Petani Karangwuni, Tolak Serahkan Tanah ke Pakualaman

Selasa, 03 Februari 2015 - 18:58 WIB
Petani Karangwuni, Tolak Serahkan Tanah ke Pakualaman
Petani Karangwuni, Tolak Serahkan Tanah ke Pakualaman
A A A
KULONPROGO - Tiga petani pesisir Karangwuni, Wates menolak menyerahkan tanah garapan kepada Kadipaten Puro Pakualaman untuk dipakai sebagai lokasi pabrik pengolahan biji besi.

Mereka mengklaim lahan tersebut merupakan tanah negara yang bisa dimiliki petani penggarap.

Ketiga petani tersebut adalah Suparno, Sukarmin dan Karmiyo yang semuanya warga Karangwuni.

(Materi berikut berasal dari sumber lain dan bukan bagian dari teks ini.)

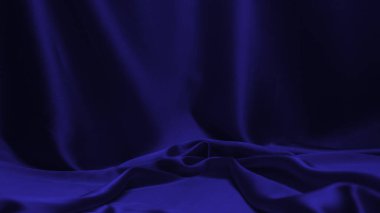 Zengin ve lüks kırmızı ipek kumaş dokusu. Üst görünüm.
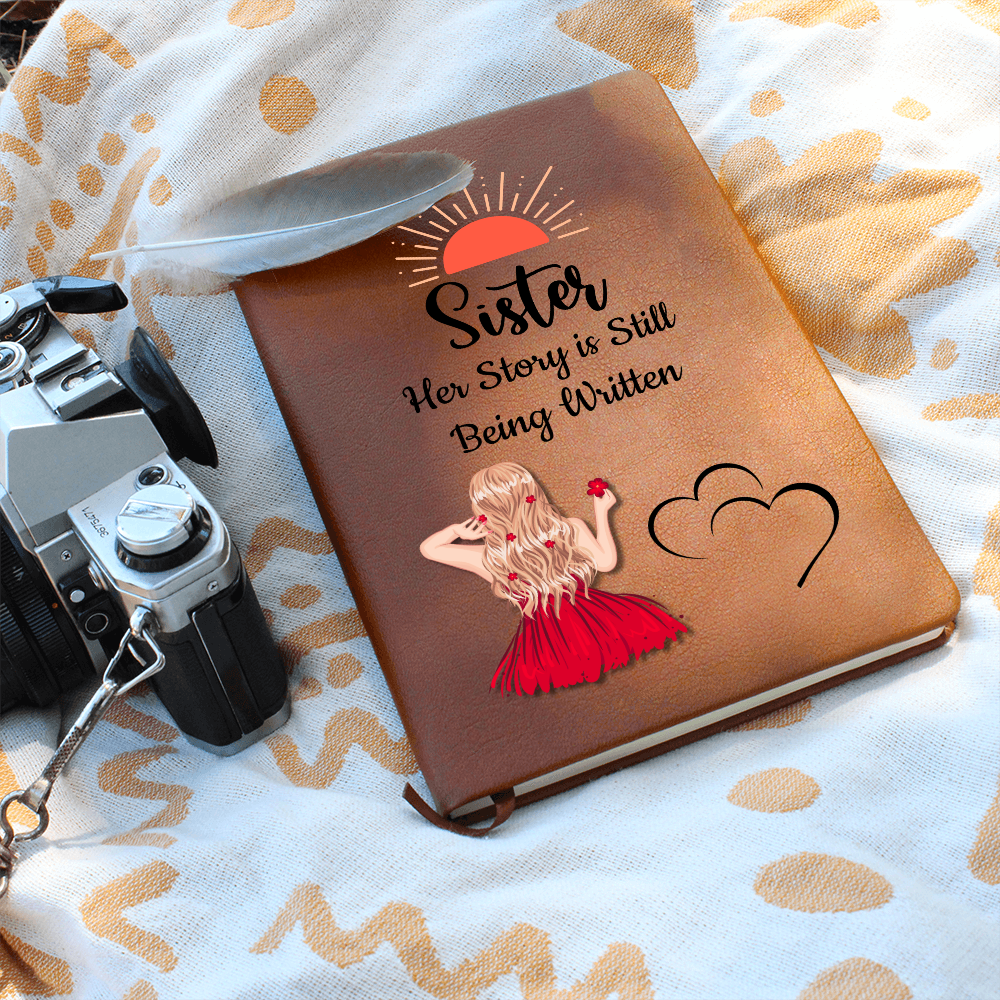 Sister Journal - Customizable Keepsake Notebook for Sisters, Thoughtful Birthday or Friendship Gift, Memory Book for Sister Bonding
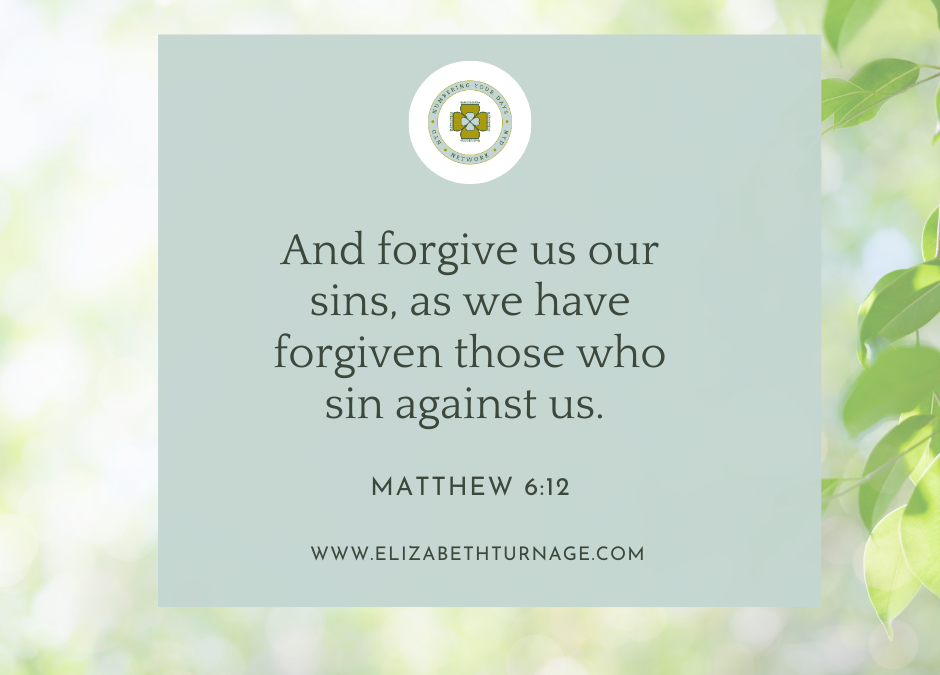 A Prayer about Forgiveness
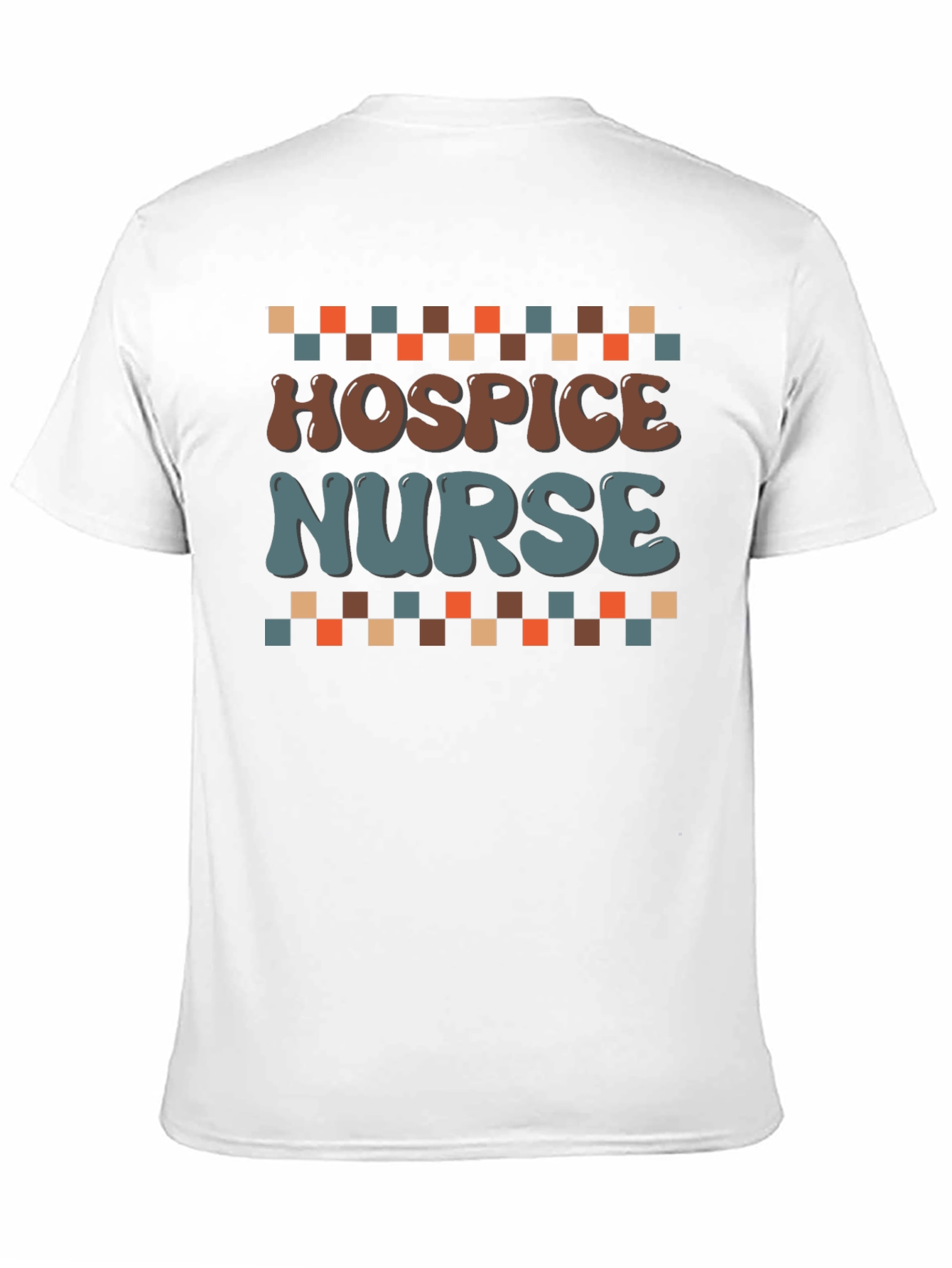Hospice Nurse Graphic T-Shirt - Retro Design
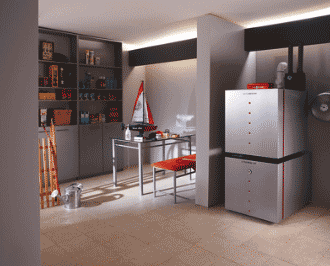 Напольный газовый котел. Монтаж в частном доме.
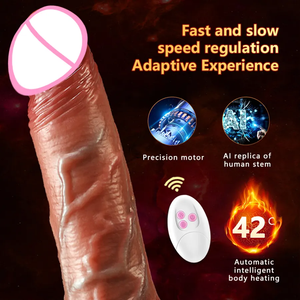 Оригинальный заводской 12-дюймовый реалистичный вибратор-фаллоимитатор с дистанционным управлением, из мягкого силикона, для женщин - Product Image 5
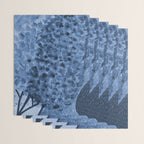 Garden Lilac Flower Painting in Navy Blue Wrapping Paper Gallery Image 3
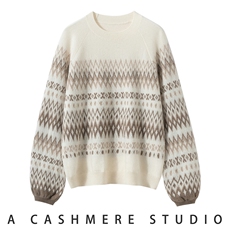 2026年秋季时尚百搭通勤简约休闲羊绒衫，女装羊绒衫，朝思纯山羊绒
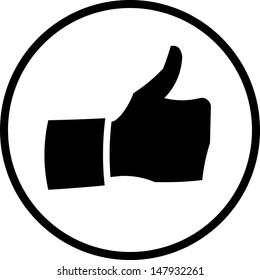 Like hand vector icon 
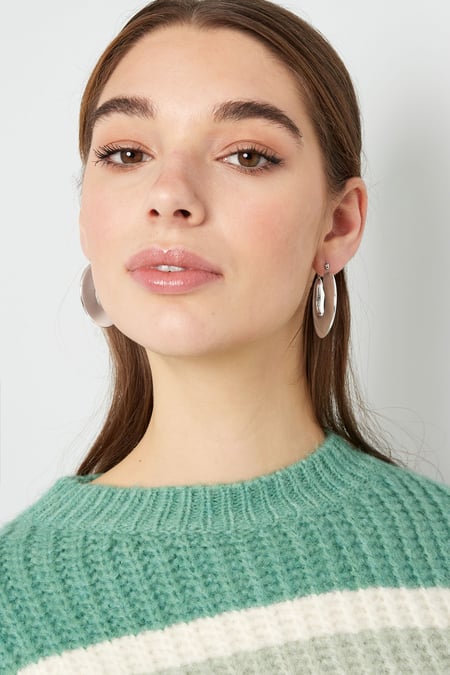 Boucles d'oreilles méga cercle - doré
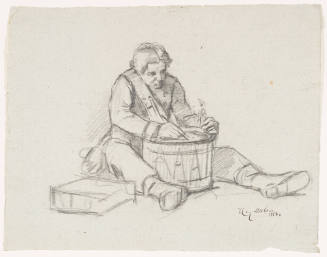 Study for Evening of the Battle (1882)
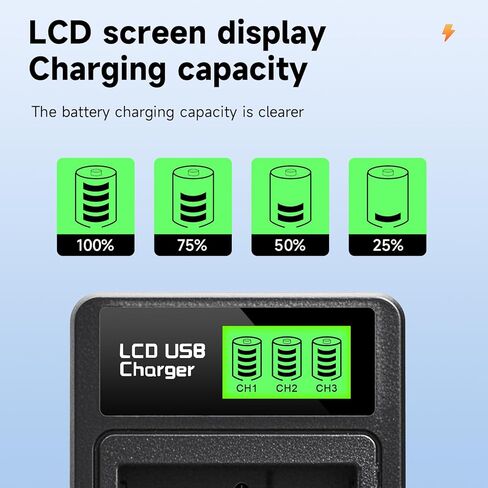 قطعتان من بطارية بديلة بقدرة 2400 مللي أمبير في الساعة مع مجموعة شاحن بطارية بشاشة LCD ثلاثية القنوات لملحقات الكاميرا الرياضية Insta360 Ace/Ace Pro/Ace Pro2 in Saudi Arabia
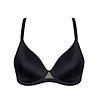 Черен сутиен с лети чашки Madlene-4 снимка
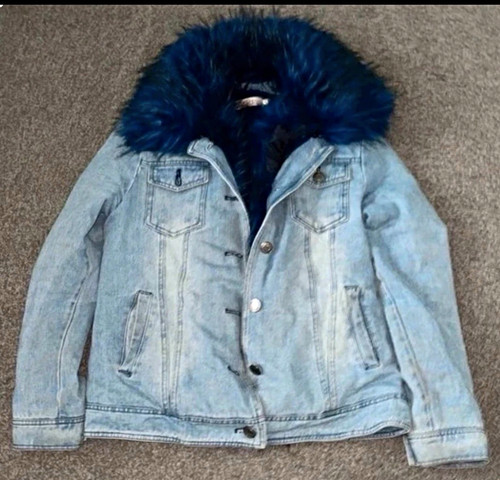 Blue denim short - blue,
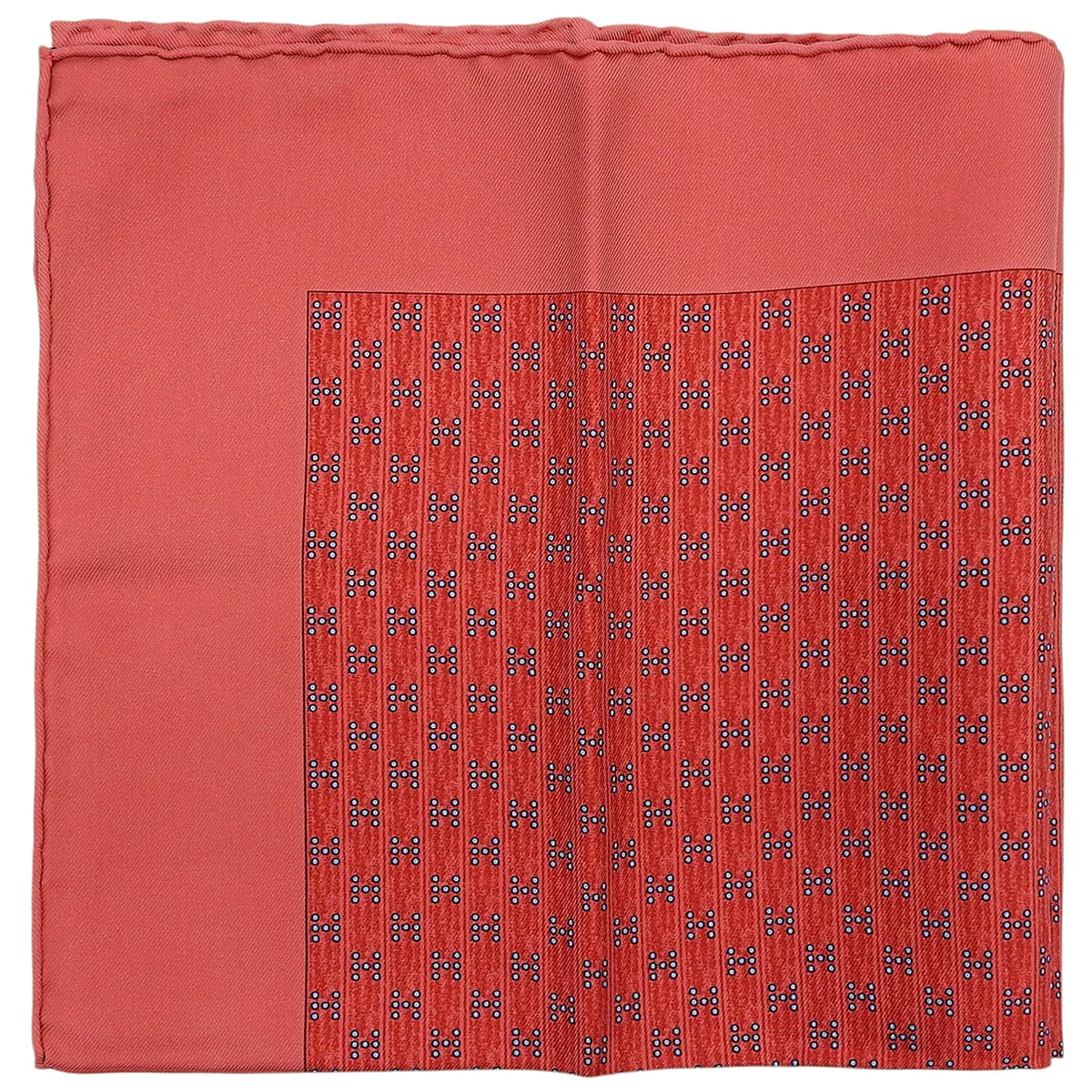 Carré 45 H Logo Scarf Red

Mereka telah menggarap lahan tersebut sejak puluhan tahun silam. Lahan yang dulunya gersang telah dikembangkan menjadi kawasan pertanian yang subur dan cukup produktif.

Pada akhir bulan lalu, ketiga petani ini mendapatkan surat dari Kawedanan Kaprajan Kadipaten Pakualaman yang ditandatangani oleh KPH Bayudono Suryoadinegoro yang disampaikan kepada Desa Karangwuni dan kepala dukuh setempat.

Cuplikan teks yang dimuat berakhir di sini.